Only the lines from the one containing "Watercolor Dish Sticker 8Sheets" to the end of the records belong in the copy. Reproduce them word for word and drop the pictures.

(Image-text web data)

● ● ● ● ● ● ●

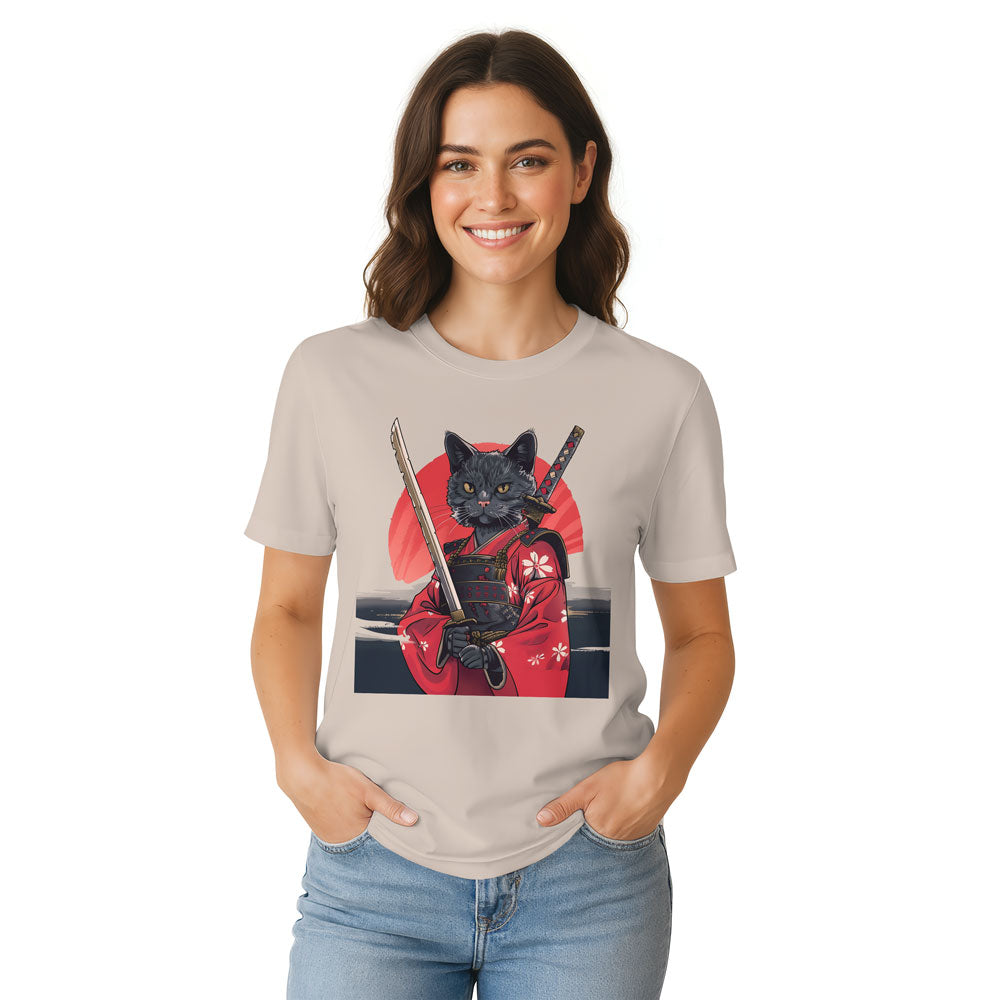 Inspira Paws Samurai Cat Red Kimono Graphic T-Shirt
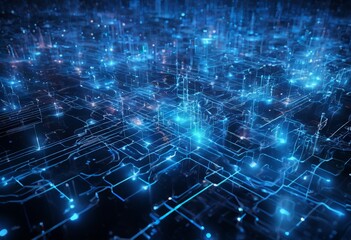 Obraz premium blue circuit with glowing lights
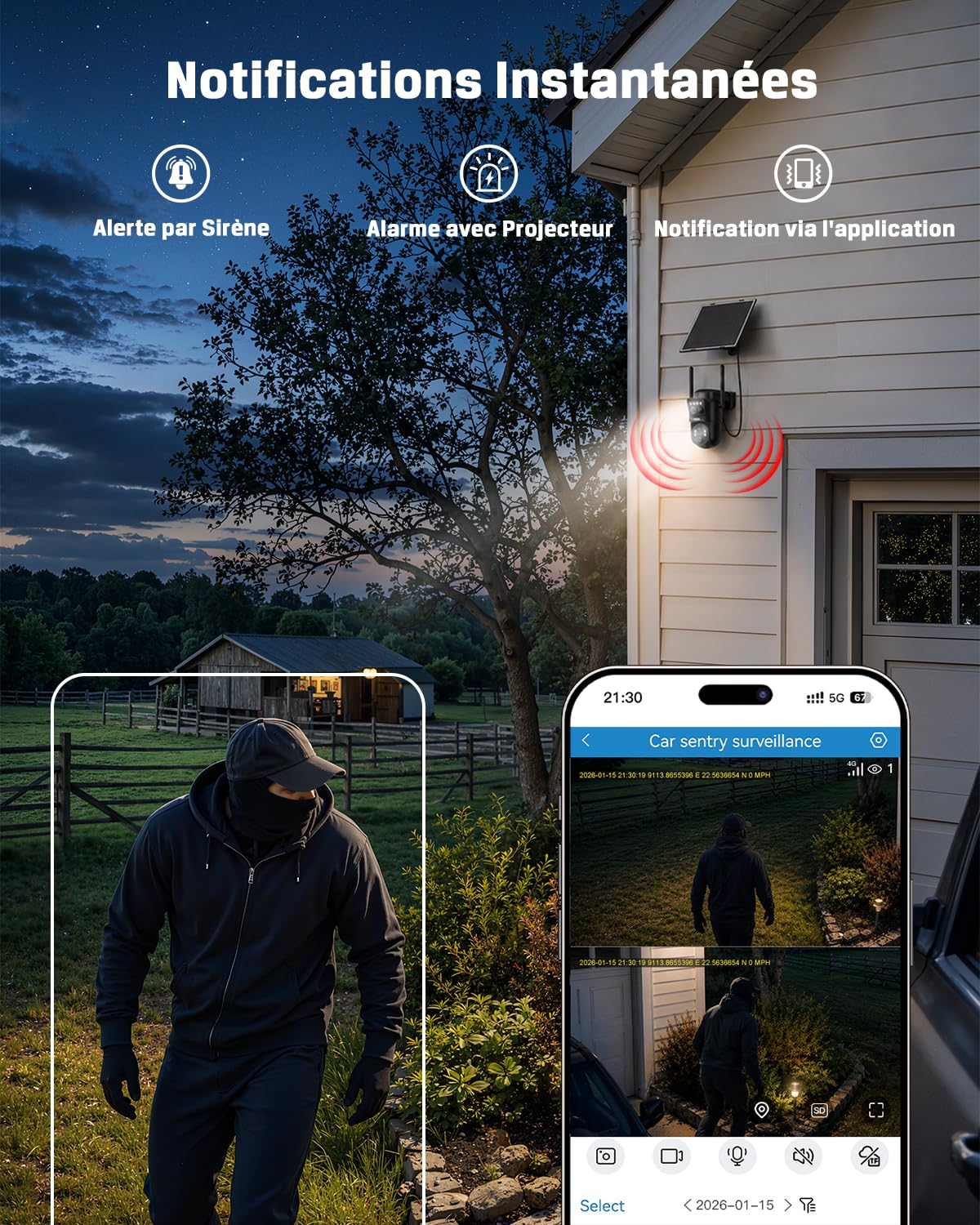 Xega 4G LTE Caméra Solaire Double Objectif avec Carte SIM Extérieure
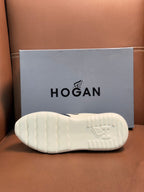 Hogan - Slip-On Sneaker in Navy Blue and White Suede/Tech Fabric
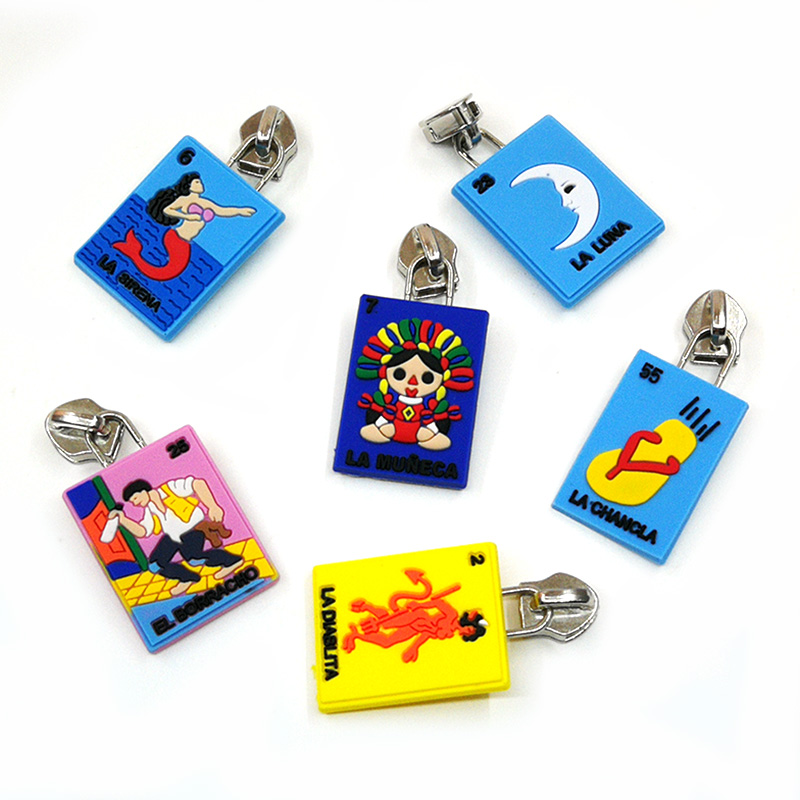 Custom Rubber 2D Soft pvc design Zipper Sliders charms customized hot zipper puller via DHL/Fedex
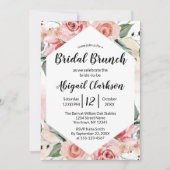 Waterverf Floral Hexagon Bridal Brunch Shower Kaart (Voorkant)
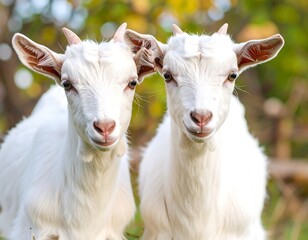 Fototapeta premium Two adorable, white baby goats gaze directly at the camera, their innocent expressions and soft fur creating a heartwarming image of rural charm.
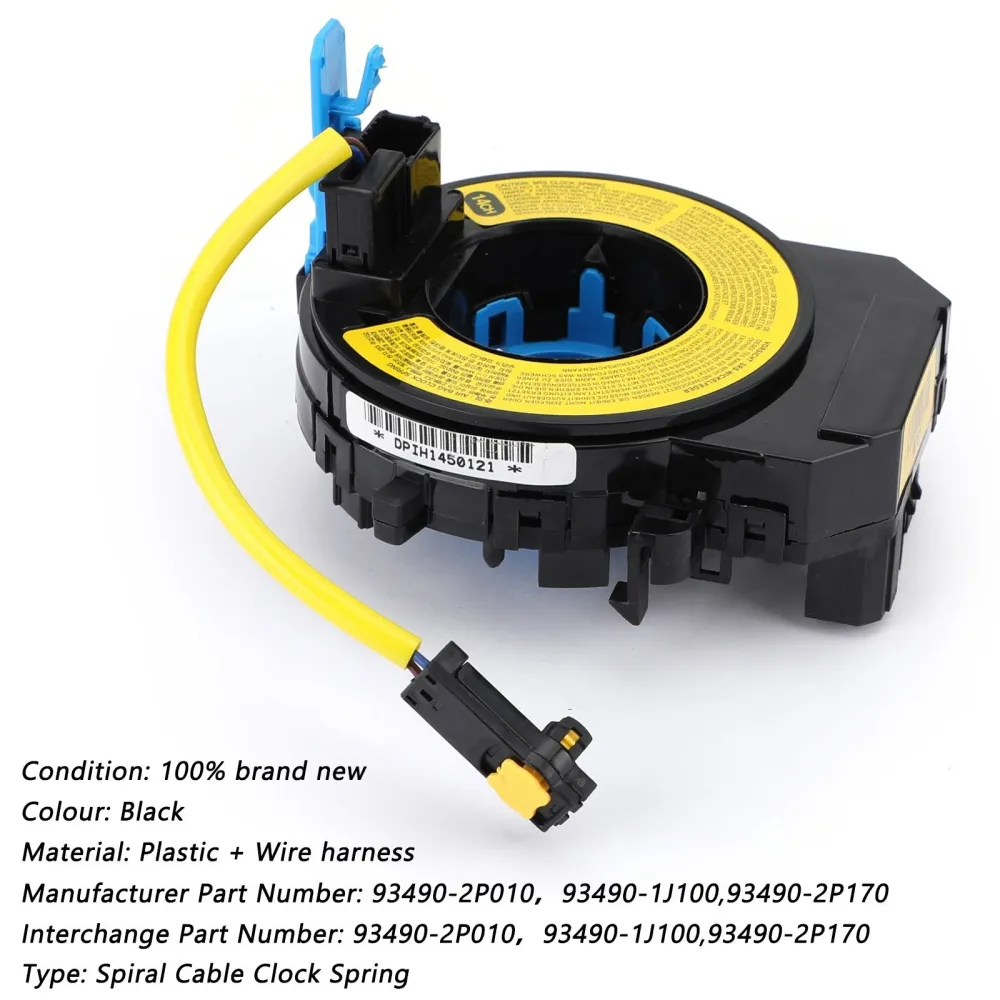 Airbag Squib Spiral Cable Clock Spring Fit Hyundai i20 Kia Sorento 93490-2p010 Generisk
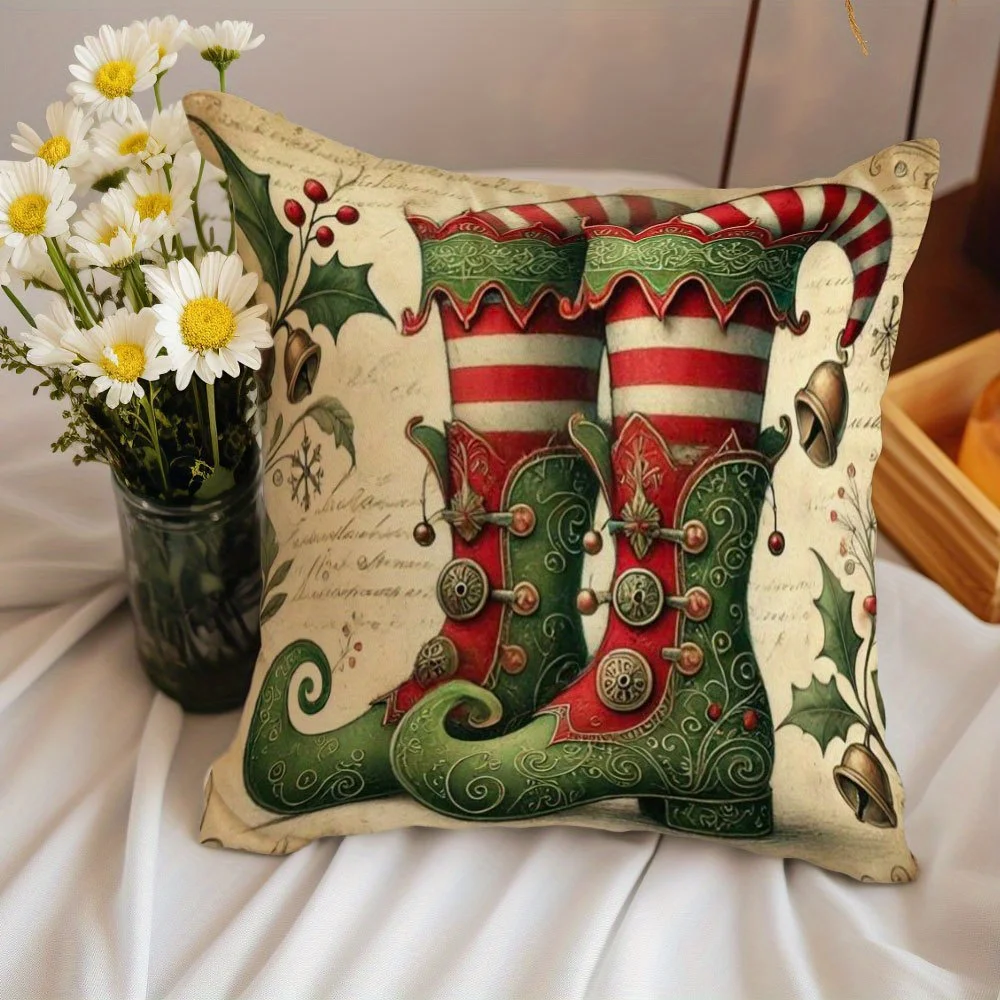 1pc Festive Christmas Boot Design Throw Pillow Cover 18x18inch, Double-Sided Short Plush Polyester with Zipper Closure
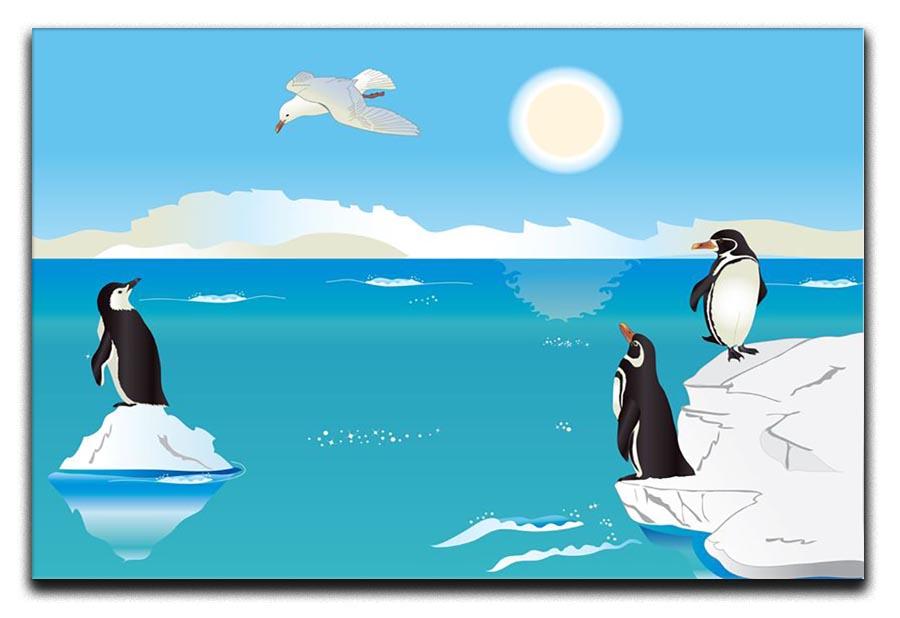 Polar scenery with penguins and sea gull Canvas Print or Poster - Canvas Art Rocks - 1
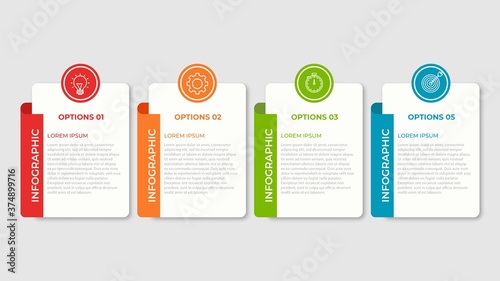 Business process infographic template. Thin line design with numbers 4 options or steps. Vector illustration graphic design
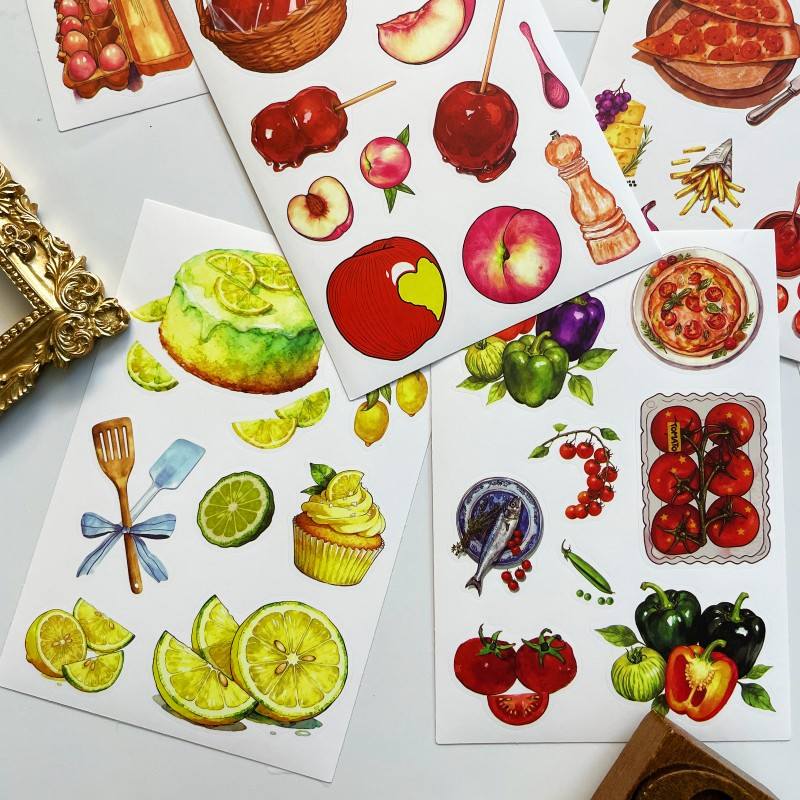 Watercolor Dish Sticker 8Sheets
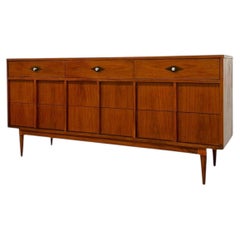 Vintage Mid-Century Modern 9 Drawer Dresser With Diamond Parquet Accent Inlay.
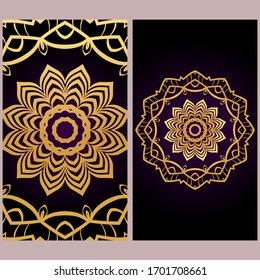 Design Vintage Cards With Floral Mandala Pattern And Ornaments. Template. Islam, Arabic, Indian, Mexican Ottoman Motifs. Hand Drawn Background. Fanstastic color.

● ● ● ● ● ● ●

» **Answer**
 Watercolor Dish Sticker 8Sheets
 Vintage Mid-Century Modern 9 Drawer Dresser With Diamond Parquet Accent Inlay.
 Design Vintage Cards With Floral Mandala Pattern And Ornaments. Template. Islam, Arabic, Indian, Mexican Ottoman Motifs. Hand Drawn Background. Fanstastic color.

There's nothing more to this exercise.